Best Practices for Grant Writing at UO

DO…

Dig into the guidelines.

  • Grant guidelines stipulate every element necessary to your proposal, including the criteria reviewers will use to evaluate your application. Ask Research Development Services, Sponsored Project Services, or the funding Program Officer if you have questions about requirements.

Contact program officer/ Foundation Relations.

  • If you are applying to a federal funder like NIH or NSF, email a 1-page summary of your project and ask for a telephone or video meeting to discuss your plan to be sure it is a fit with their program. Please reach out to RDS for feedback on your initial prospectus before sharing with the PO to get valuable feedback on structure, content, etc. If applying to a private foundation, talk to UO’s Foundation Relations, as they are the stewards between the university and the foundation officers, and help facilitate connections and introductions.

Organize your narrative and yourself.

  • Checklists: Use one of RDS’s checklists, ask RDS to create one for you, or create your own. Use the checklist to make sure you are including all required proposal elements, and to provide yourself a timeframe for completing each element. RDS also has templates and facilities boilerplate for your use.
  • Outline: Map out the full narrative. Include each section and related review criteria required by the guidelines. If the funder has specific foci, make sure they are addressed. Create a logical flow and be sure to address every required element.
  • Headings in the narrative: Write for the distracted reviewer. Reviewers have competing priorities when contributing service to peer review, so always use clear headings that match the wording found in the guidelines (e.g., Overview, Specific Aims, Approach, Objectives, Outcomes).

Write persuasively.

  • Grant writing is not expository. Your aim is to convince the funder that you deserve their limited funds more than the hundreds of other applicants do.
    • State the need: Describe the current gap in knowledge and the value of addressing this gap, as well as the negative consequences of failing to address that particular challenge.
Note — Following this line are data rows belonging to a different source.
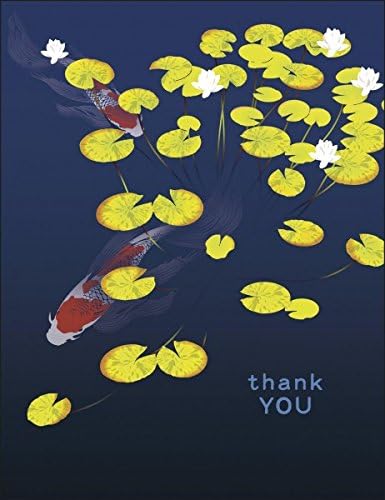 Koi Pond Thank You Cards Boxed Set: 10 Blank Notecards and Envelopes by Linnea Design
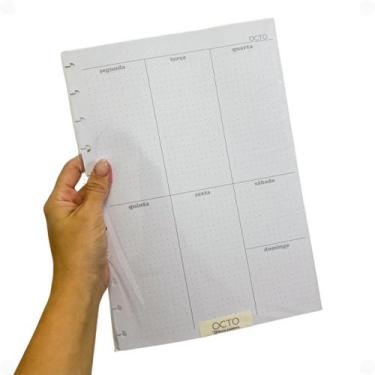 Imagem de Refil Planner Semanal Vertical Grande - Caderno de Disco - Octo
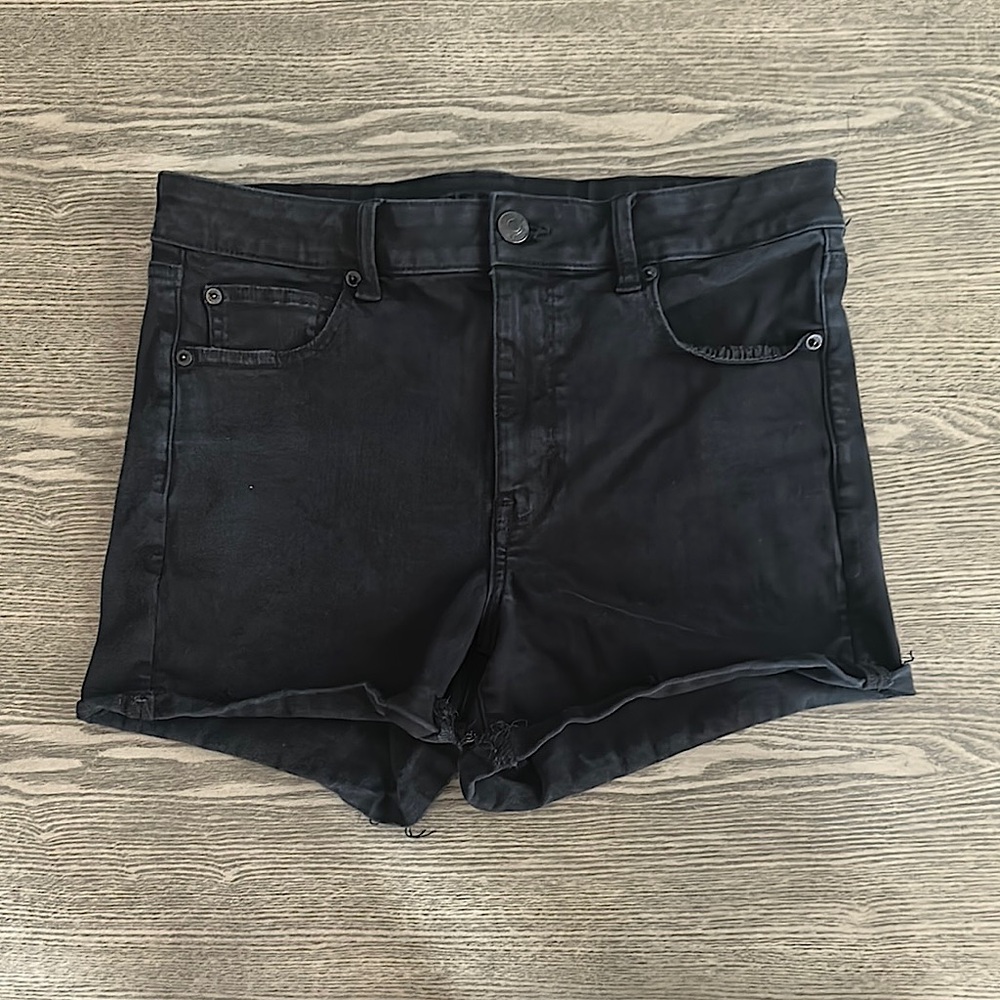American Eagle Black Denim Shorts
Persuade the reviewer that the gap needs to be filled in order to reach the specific goals of the funder and advance the field.
    • Sell yourself and your research: Convince the funder that you are the best person to fill this gap in understanding. What experiences, training, and background make you particularly well-suited to lead this work?
    • Tie your project to funder’s foci: Make sure you are always showing how your project fits within this funder’s own goals. A brilliant project for one funder might fall flat with another who has completely different research priorities or goals for philanthropy.

Start early with UO internal processes.

DON’T…

Write as you would for a scholarly article.

  • Grant writing is persuasive and has a particular form and style. Use citations and data to support your persuasive argument that your academic field has 1) a gap in knowledge, 2) that needs to be filled, 3) you’re the one to fill it, and 4) that the world will be a better place in a specific way, once the gap is filled.

Assume the reviewers have the same knowledge as you.

  • Your research is specialized to you, and though reviewers should understand your area generally, do not count on them understanding the nuance. Define terms and acronyms. Avoid jargon where possible.

Turn in a proposal without another pair of eyes on it.

  • RDS staff will happily review your material as many times as you like, with an aim of making it as strong a grant proposal as possible. RDS also has funds to support an external review by a content expert to make sure your research arguments and aims are spot on.

Wait until the last minute to work on other elements of the proposal.

  • Use a timeline to plan early in the process. When writing, the research narrative may be the most interesting to you, but the other pieces of your application are often reviewed and scored as well. Don’t neglect them to the last minute.